Malazan Re-read of the Fallen: Reaper’s Gale, Chapter Seventeen

Welcome to the Malazan Re-read of the Fallen! Every post will start off with a summary of events, followed by reaction and commentary by your hosts Bill and Amanda (with Amanda, new to the series, going first), and finally comments from readers. In this article, we’ll cover Chapter Seventeen of Reaper’s Gale by Steven Erikson (RG).

A fair warning before we get started: We’ll be discussing both novel and whole-series themes, narrative arcs that run across the entire series, and foreshadowing. Note: The summary of events will be free of major spoilers and we’re going to try keeping the reader comments the same. A spoiler thread has been set up for outright Malazan spoiler discussion.

Just a note. Real life has raised its ugly head this week so Bill is unable to post his comments today and most likely Friday as well. He’ll try and add them in next week.

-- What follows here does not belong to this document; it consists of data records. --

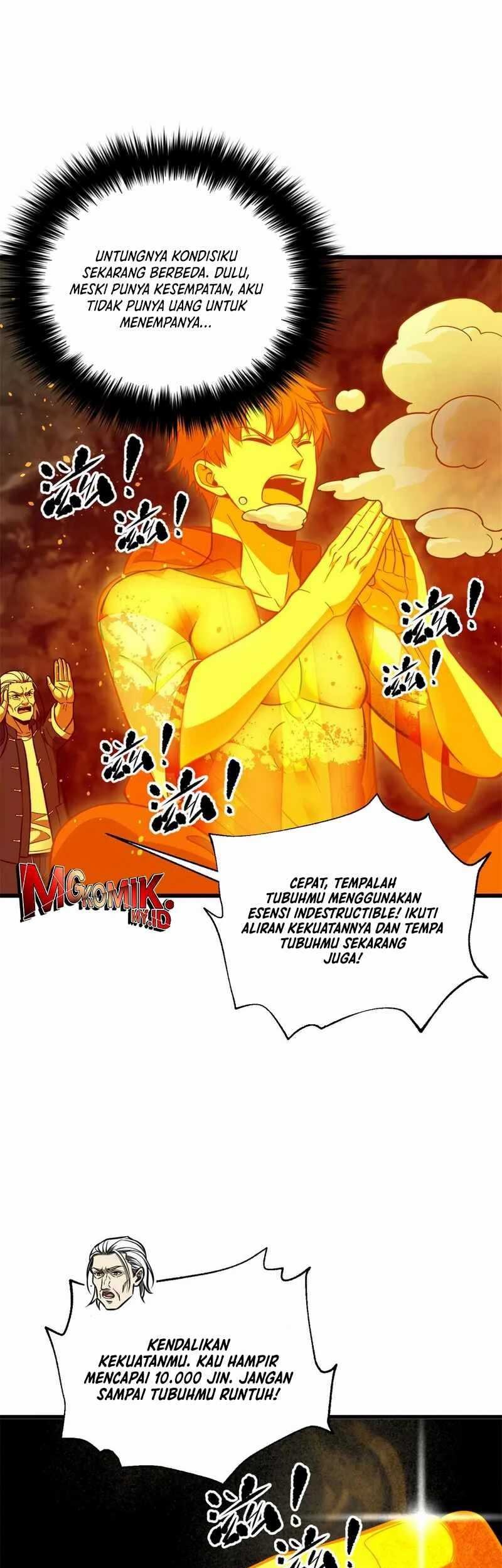 Global Gao Wu Chapter 310 - halaman 5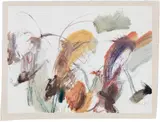 Wolfgang Stifter, Untitled, 1983, mixed media on canvas; unframed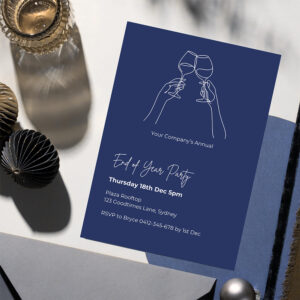 Business Invitation Printing with premium innovation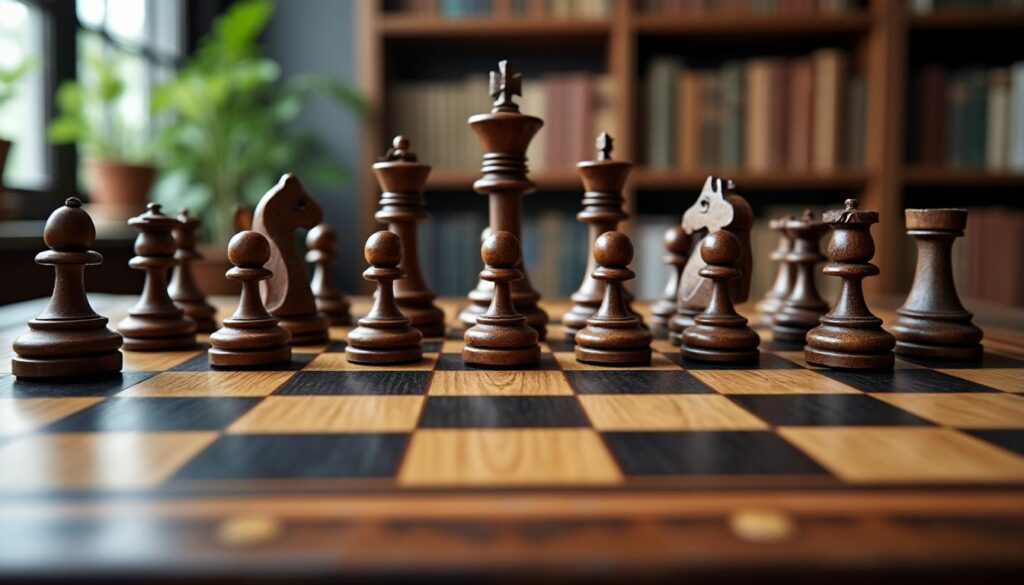 découvrez les règles du jeu d’échecs et apprenez les bases essentielles pour maîtriser chaque partie avec stratégie et confiance.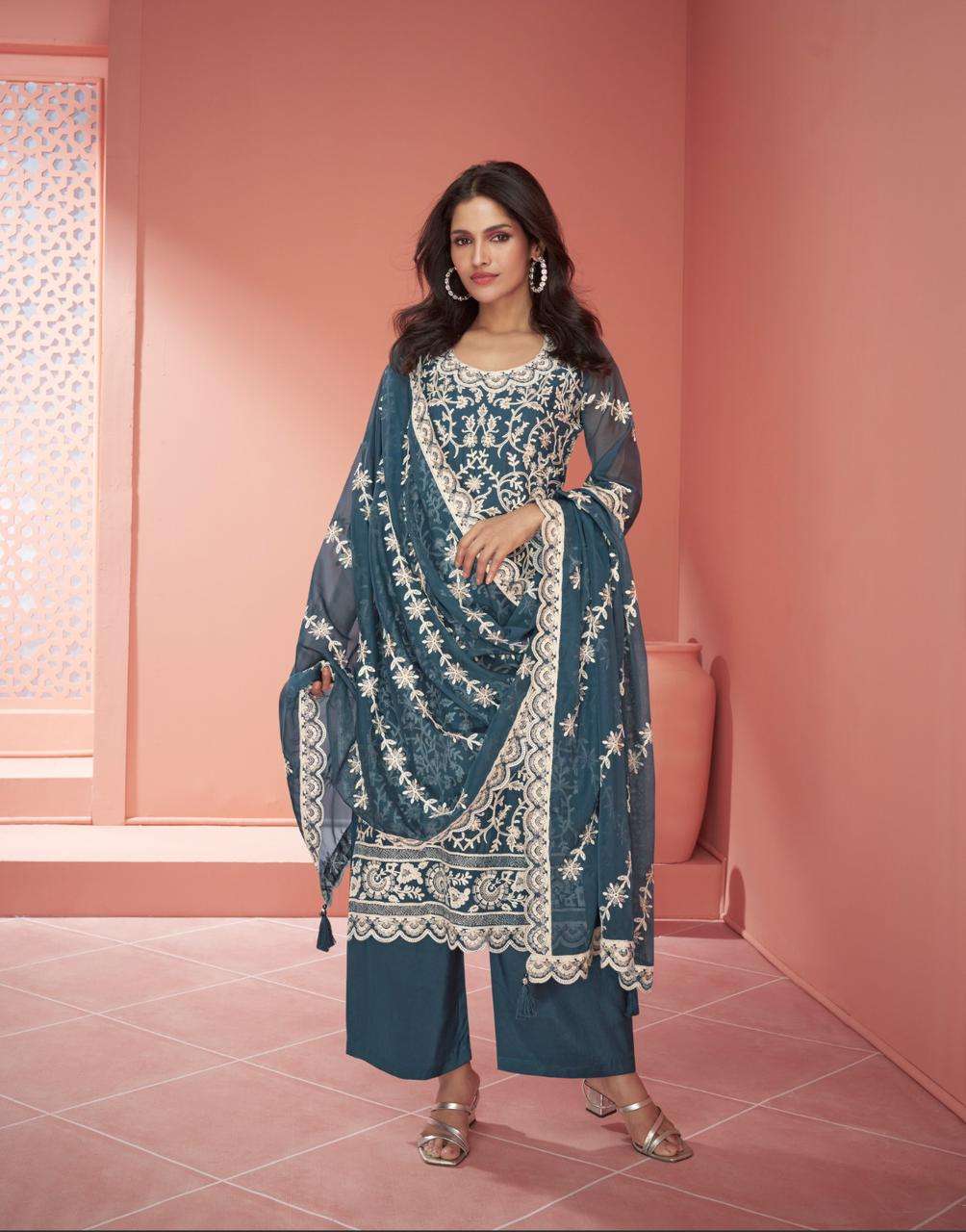 AASHIRWAD RAABTA Salwar kameez Wholesale catalog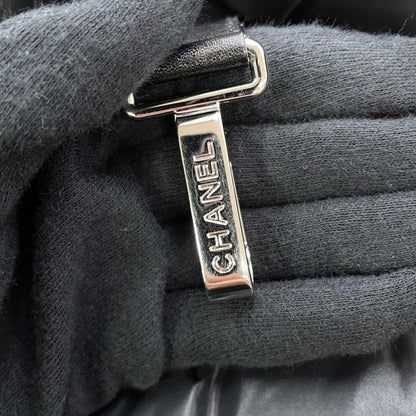 Chanel Nylon Black Tote Bags
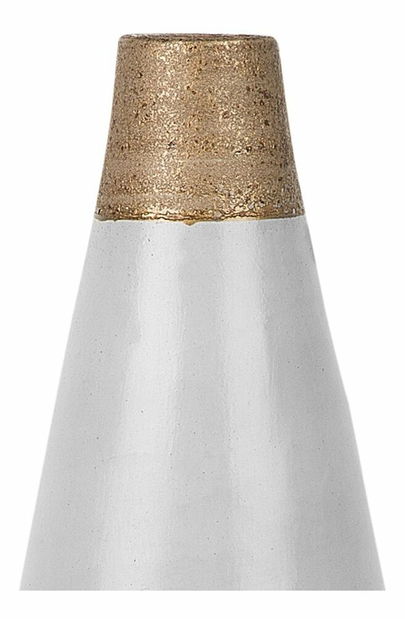 Váza ERODE 53 cm (keramika) (šedá)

Apologies.

The forum spoiler thread has also been moved to’s main site and is located at the usual above link.


Chapter Seventeen


Beak thinks on how he is both stupid and a coward and how his magic, while helpful, also frightens him in that “its heat could so easily burn, right down to a mortal man’s core.” He recalls sensing the Bonehunters under Y’Ghatan but being afraid to tell either Kindly or Tavore or anyone else, then how Tavore won him over with her “unwitnessed” talk, as he considered his own life unwitnessed and thus she made the other soldiers just like him. Beak keeps Sort’s squad from being caught by a passing Letherii/Edur group while Sort bemoans the fact that the Letherii apparently aren’t as rebellious as the Malazans had thought/hoped. She’s concerned Helian/Urb are moving too fast and wants to catch up to them and hold them back. He warns her if the Letherii figure out how to use the Beast Hold they might be able to track the Malazans via the horses. When Sort says Beak might have to unveil more candles then, he hopes not: “Don’t burn me down to the core, Captain. Please.”


Balgrid tells Helian they’re being tracked. Helian tries to get Urb off in the bushes but is interrupted by Sort’s arrival.

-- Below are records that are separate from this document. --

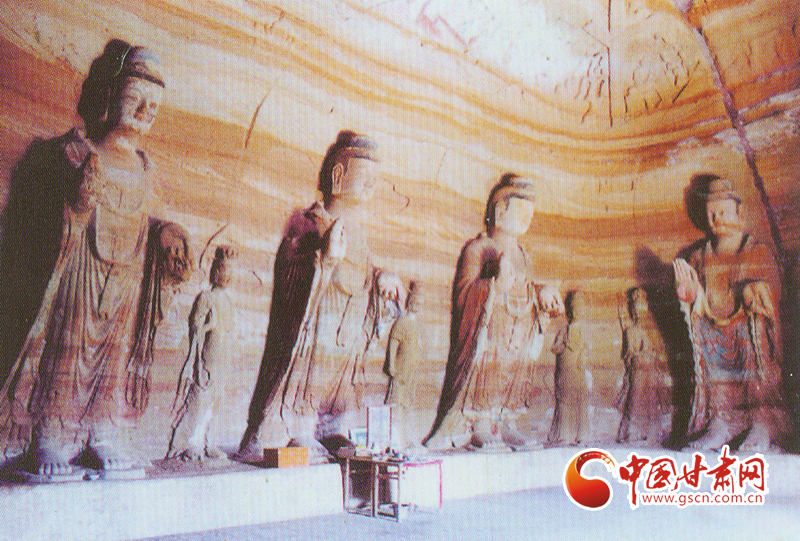 泾川南石窟的景点介绍,泾川南石窟寺建在哪里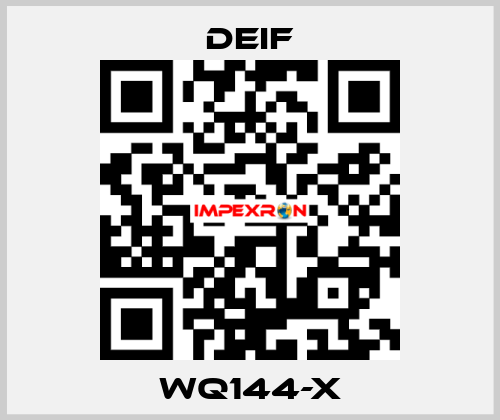 WQ144-X Deif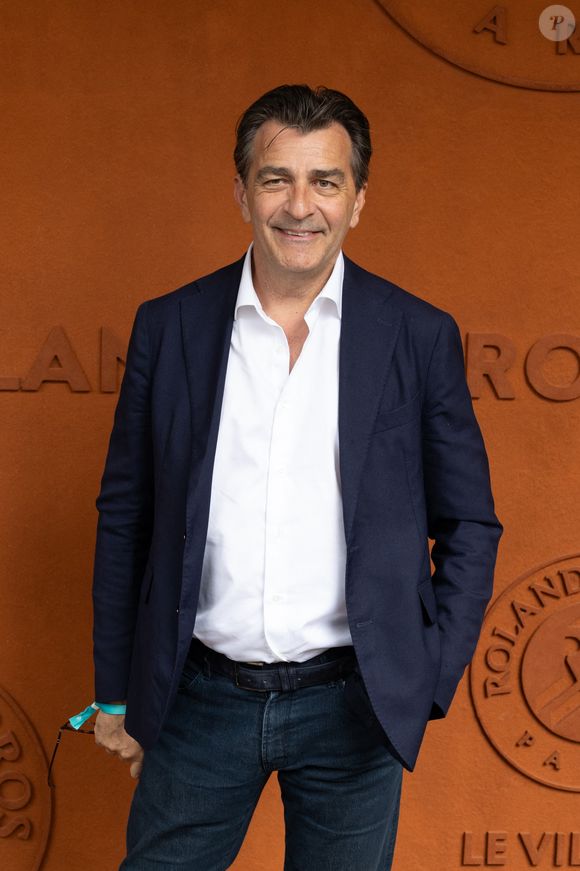 Yannick Alleno au Village pendant les Internationaux de France 2025 à Roland Garros le 06 juin 2025 à Paris, France. Photo by Nasser Berzane/ABACAPRESS.COM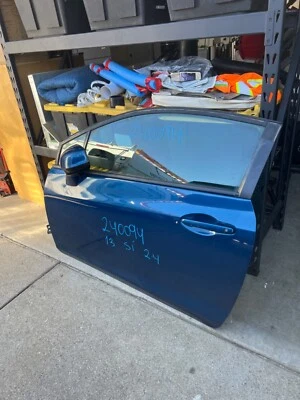 Honda Civic 2013 cupé SI puerta lateral del conductor Foto 1 de 4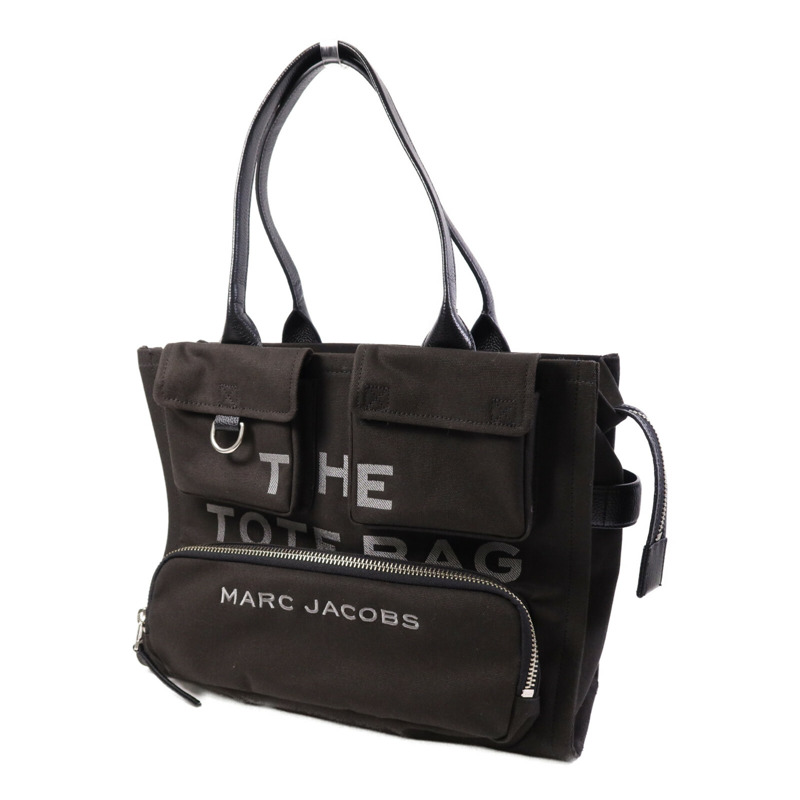 MARC BY MARC JACOBS 帆布Tote Bag銀扣手挽袋-2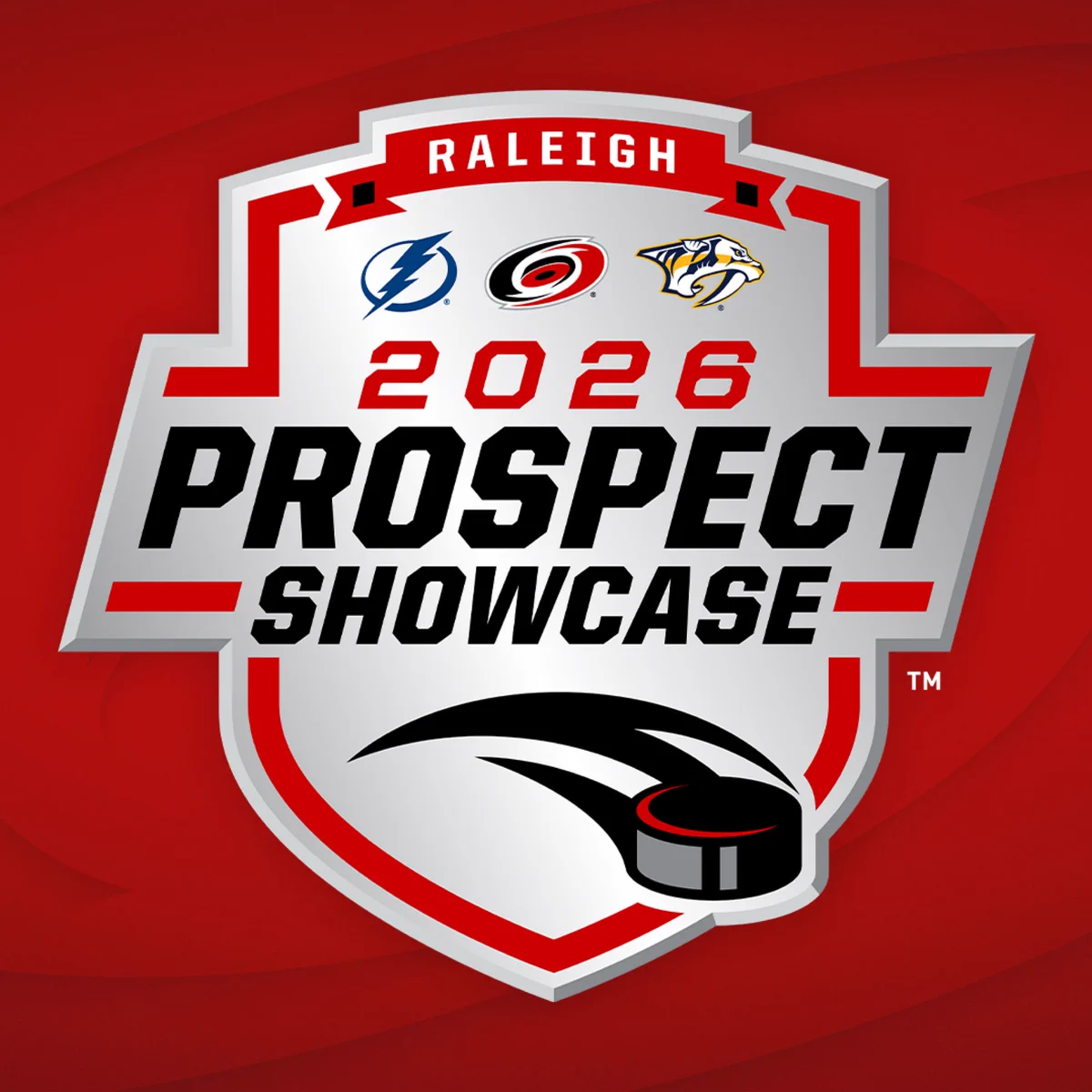 Graphic featuring the Canes 2026 Prospect Showcase logo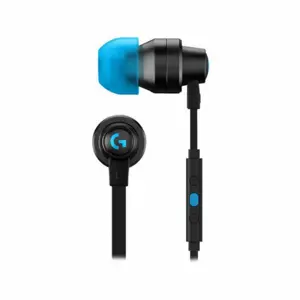 Logitech G G333 Gaming Earphones With Mic and Dual Drivers - Black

Helian and Urb tell Sort the Letherii don’t look like they’re going to rise up and Helian suggests they move ahead “fast and vicious” and hide if they face too large an opposition. Sort agrees, though she tells them to slow down a bit. Beak warns them about the Beast Hold, that Balgrid’s necromancy might not be enough to cover them. Sort and Beak leave.


Fiddler’s group is running from an ambush that would have taken them had it not been for Corabb’s luck. Bottle tells Fiddler there’s a large group tracking them and they decide to find a place to hide out. Smiles and Koryk banter about the ambush; Smiles appears to like Koryk a bit more after he’s surprised them all (including himself) with his killing skill. Stormy is enjoying the marines’ freedom to do what they’ve always been meant to do.


Fiddler’s group comes across a farmhouse they plan to use as a trap and Bottle thinks he can use Mockra to take care of any civilians in there. Fiddler says he and Cuttle are going to do “the drum”—a famous, very tricky, very dangerous munitions action he and Hedge invented. Fiddler prepares the cussers and the drum as Cuttle watches in awe. Fiddler recalls the first time he met the Moranth and saw the munitions (Tayschrenn, Aragan, Onos T’oolan, Whiskeyjack, Hedge had all been present) and how he and Hedge had experimented with them, named them, and perfected their use.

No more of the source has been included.